The dependence of Q on M is shown in Supplementary Fig. 4b for the two analyzed SEP spectra. In order to compensate for the variable geomagnetic field, we introduce the correction factor, which relates the 14C production at the VADM M to that at the reference field M0:

$$C=\frac{Q({M}_{0})}{Q(M)}$$
(12)

The correction factor is shown in Supplementary Fig. 4c for the two SEP spectra. Although the spectra are essentially different (panel a) and the isotope production for the two events is different too (panel b), the correction factor appears robust against the exact spectral shape. This correction factor was further applied to compare the strength of all studied events to the standard conditions, as shown in Table 1.

Reconstructions of the geomagnetic field in the past is a difficult task, and the result can be uncertain.
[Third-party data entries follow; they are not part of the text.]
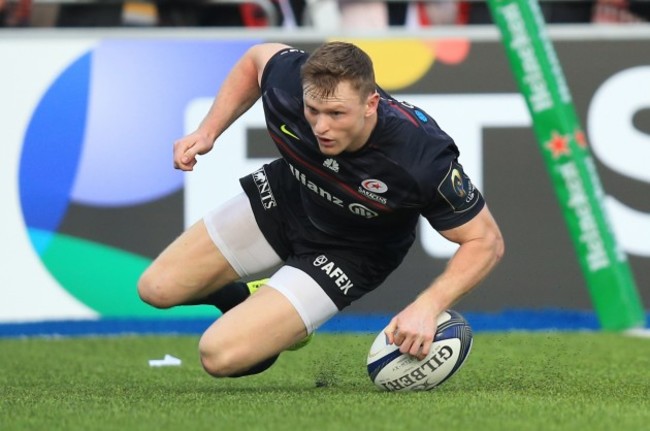 Rugby Union - European Rugby Champions Cup - Saracens v Clermont Auvergne - Allianz Park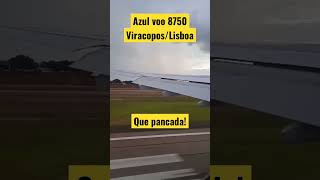 Catrapo no voo 8750 da Azul. Imagens de Rafael Coimbra. #aviation #landing #airplane #hardlanding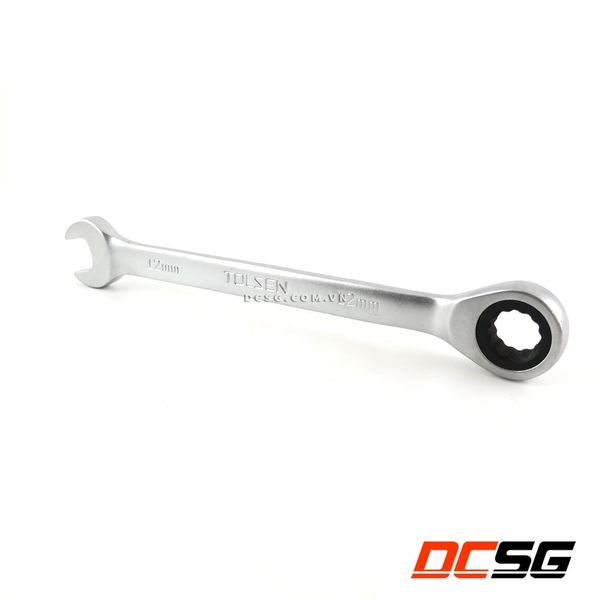 Cờ lê kết hợp 2 đầu vòng loại sâu và miệng 8mm bằng thép CrV Kendo-15208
To cover a possible range of VADM values we took a conservative approach and considered two paleomagnetic reconstructions for the last millennia, as shown in Supplementary Fig. 5: a recent GGF100k paleomagnetic model by Panovska et al.40 and a reconstruction by Knudsen et al.41 based on the GEOMAGIA50 database. Although there are many other paleomagnetic reconstructions, these two cover the full range of uncertainties.

The uncertainties of the corrected for the VADM changes 14C production (last two columns in Table 1) are mostly defined by the uncertainties of the actual production (column 3) and VADM uncertainties (columns 4 and 5). The resultant uncertainty of the corrected production was assessed using the Monte–Carlo method by randomly picking pairs of M and Q from the normally distributed values within the ranges shown in Table 1 and computing the mean and the standard deviation of the corrected Q values.